__Problem requirements__.
Make an exact copy of the whole listing, but leave its pictures out.
---+---
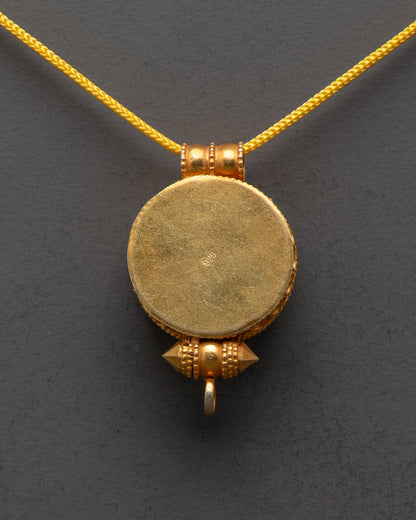 Back view of premium gold-gilded Bumpa Tibetan Locket by master artisans from Patan

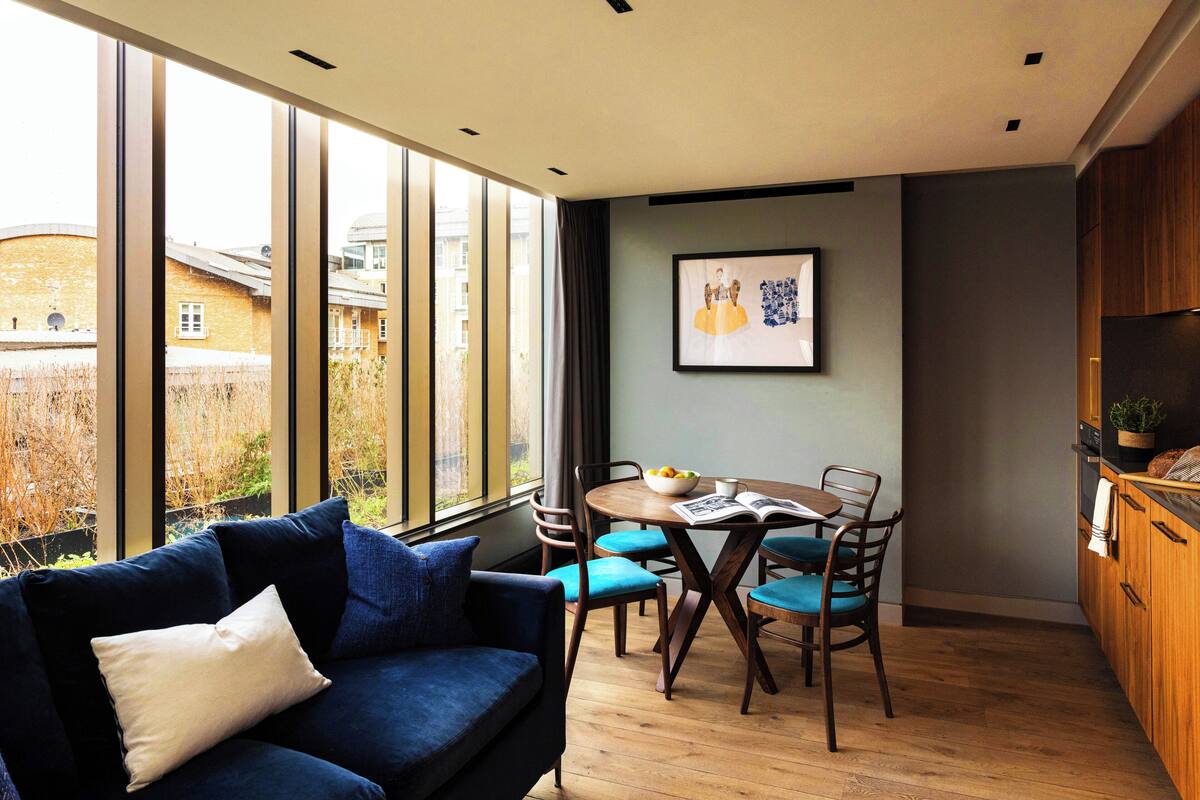 Uma sala de estar moderna com um sofá azul, uma mesa de jantar de madeira e cadeiras. Há uma janela grande com vista para edifícios e árvores.
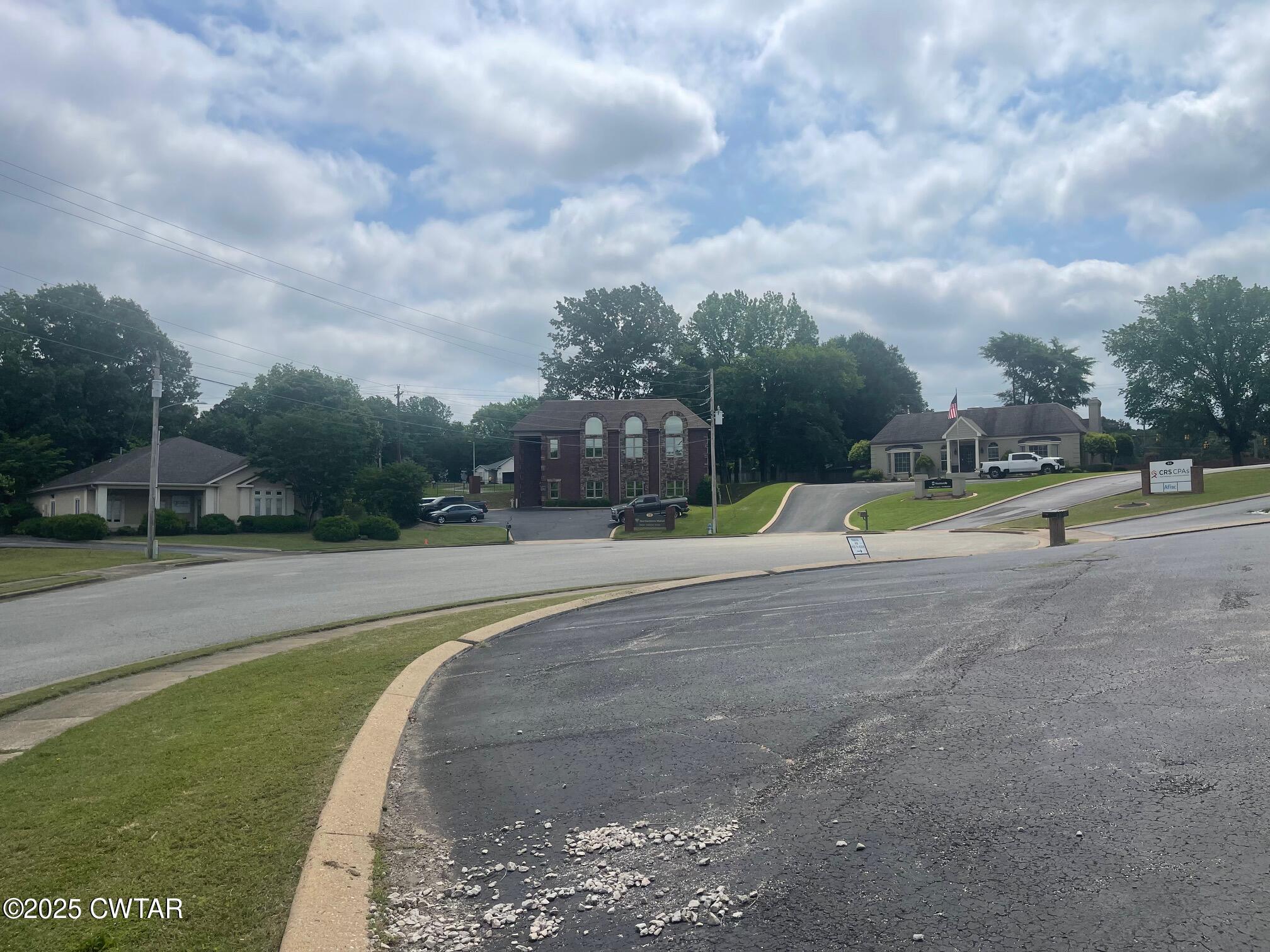 47 Lynoak Cove Jackson, TN 38305 - Photo 9 of 13 a view of a playground with basketball court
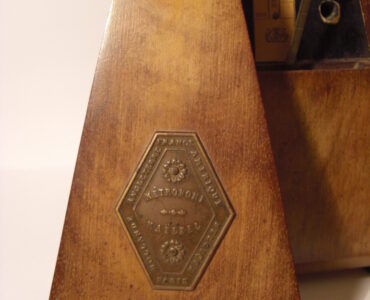 A mechanical metronome used to keep a steady beat during music practice.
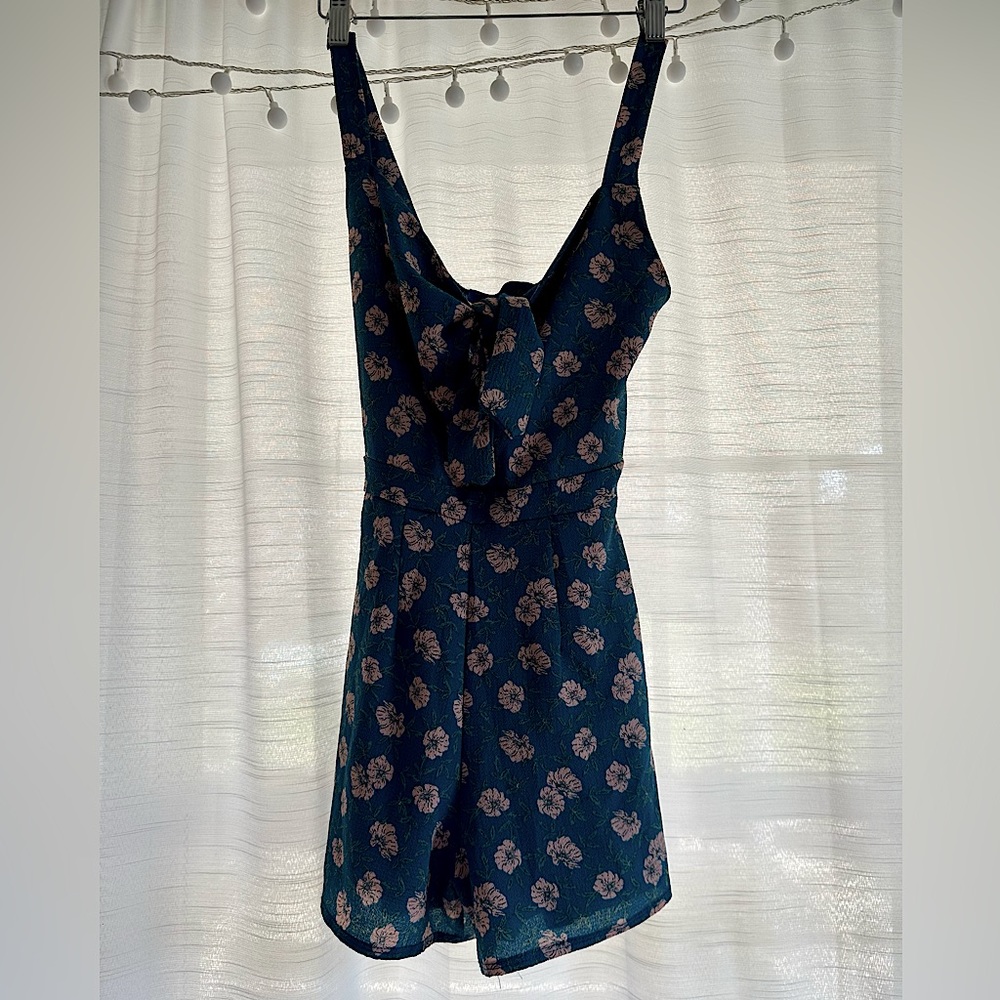 Floral Romper With adjustable bow in the front
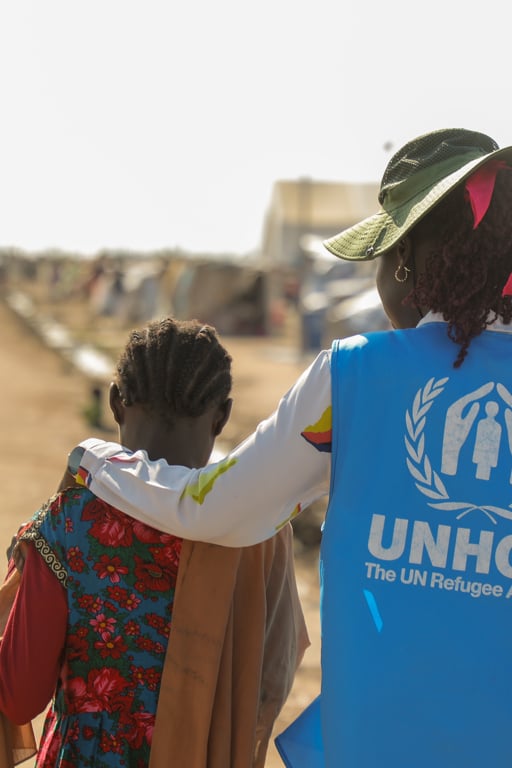 En UNHCR-medarbetare hjälper ett barn vid gränsen till Sudan.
---+---
__Written answer__.
 Back view of premium gold-gilded Bumpa Tibetan Locket by master artisans from Patan

 Uma sala de estar moderna com um sofá azul, uma mesa de jantar de madeira e cadeiras. Há uma janela grande com vista para edifícios e árvores.
 47 Lynoak Cove Jackson, TN 38305 - Photo 9 of 13 a view of a playground with basketball court
 A mechanical metronome used to keep a steady beat during music practice.
 Floral Romper With adjustable bow in the front
 En UNHCR-medarbetare hjälper ett barn vid gränsen till Sudan.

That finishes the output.